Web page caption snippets
/---

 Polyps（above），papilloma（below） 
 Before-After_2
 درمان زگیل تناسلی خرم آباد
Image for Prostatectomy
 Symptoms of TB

\---
/---

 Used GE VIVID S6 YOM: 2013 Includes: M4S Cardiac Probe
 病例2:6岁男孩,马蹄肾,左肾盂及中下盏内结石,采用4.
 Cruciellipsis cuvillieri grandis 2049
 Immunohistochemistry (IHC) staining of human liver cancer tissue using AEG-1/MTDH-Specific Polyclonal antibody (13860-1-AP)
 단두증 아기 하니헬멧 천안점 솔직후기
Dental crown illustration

\---

From the records above, print only the lines between the one holding "Cruciellipsis cuvillieri grandis 2049" and the one holding "Dental crown illustration", inclusive, exactly as they stand.

 Cruciellipsis cuvillieri grandis 2049
 Immunohistochemistry (IHC) staining of human liver cancer tissue using AEG-1/MTDH-Specific Polyclonal antibody (13860-1-AP)
 단두증 아기 하니헬멧 천안점 솔직후기
Dental crown illustration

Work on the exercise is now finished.